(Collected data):
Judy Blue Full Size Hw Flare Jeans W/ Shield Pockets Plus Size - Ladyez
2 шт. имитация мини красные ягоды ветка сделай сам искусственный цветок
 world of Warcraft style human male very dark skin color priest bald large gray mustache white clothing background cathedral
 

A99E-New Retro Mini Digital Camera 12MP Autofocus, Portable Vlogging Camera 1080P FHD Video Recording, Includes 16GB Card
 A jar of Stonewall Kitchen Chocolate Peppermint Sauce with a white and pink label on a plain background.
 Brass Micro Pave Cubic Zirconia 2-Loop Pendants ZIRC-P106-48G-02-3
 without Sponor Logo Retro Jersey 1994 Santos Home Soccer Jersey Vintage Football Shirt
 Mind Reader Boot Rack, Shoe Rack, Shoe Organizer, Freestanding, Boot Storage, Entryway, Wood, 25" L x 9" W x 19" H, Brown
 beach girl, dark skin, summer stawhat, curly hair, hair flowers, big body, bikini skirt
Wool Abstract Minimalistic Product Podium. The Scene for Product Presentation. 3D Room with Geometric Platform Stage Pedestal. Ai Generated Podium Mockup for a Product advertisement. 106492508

(Try it):
Print nothing but the lines from the one that contains "world of Warcraft" to the final line of the data, both included, exactly as they read.

(Written solution):
 world of Warcraft style human male very dark skin color priest bald large gray mustache white clothing background cathedral
 

A99E-New Retro Mini Digital Camera 12MP Autofocus, Portable Vlogging Camera 1080P FHD Video Recording, Includes 16GB Card
 A jar of Stonewall Kitchen Chocolate Peppermint Sauce with a white and pink label on a plain background.
 Brass Micro Pave Cubic Zirconia 2-Loop Pendants ZIRC-P106-48G-02-3
 without Sponor Logo Retro Jersey 1994 Santos Home Soccer Jersey Vintage Football Shirt
 Mind Reader Boot Rack, Shoe Rack, Shoe Organizer, Freestanding, Boot Storage, Entryway, Wood, 25" L x 9" W x 19" H, Brown
 beach girl, dark skin, summer stawhat, curly hair, hair flowers, big body, bikini skirt
Wool Abstract Minimalistic Product Podium. The Scene for Product Presentation. 3D Room with Geometric Platform Stage Pedestal. Ai Generated Podium Mockup for a Product advertisement. 106492508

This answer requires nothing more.